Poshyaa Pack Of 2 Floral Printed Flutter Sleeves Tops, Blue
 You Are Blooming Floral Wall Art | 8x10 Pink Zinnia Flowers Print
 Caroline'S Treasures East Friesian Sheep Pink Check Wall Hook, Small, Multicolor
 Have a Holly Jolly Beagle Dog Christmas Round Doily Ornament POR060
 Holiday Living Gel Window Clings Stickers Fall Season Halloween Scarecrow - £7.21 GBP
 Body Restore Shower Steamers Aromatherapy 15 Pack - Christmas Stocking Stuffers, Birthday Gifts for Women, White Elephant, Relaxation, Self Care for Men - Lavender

------

# WHAT YOU SHOULD DO
For the material above, state the number of lines that include the word "Floral". Leave out everything else.

# RESPONSE TO THE TASK
2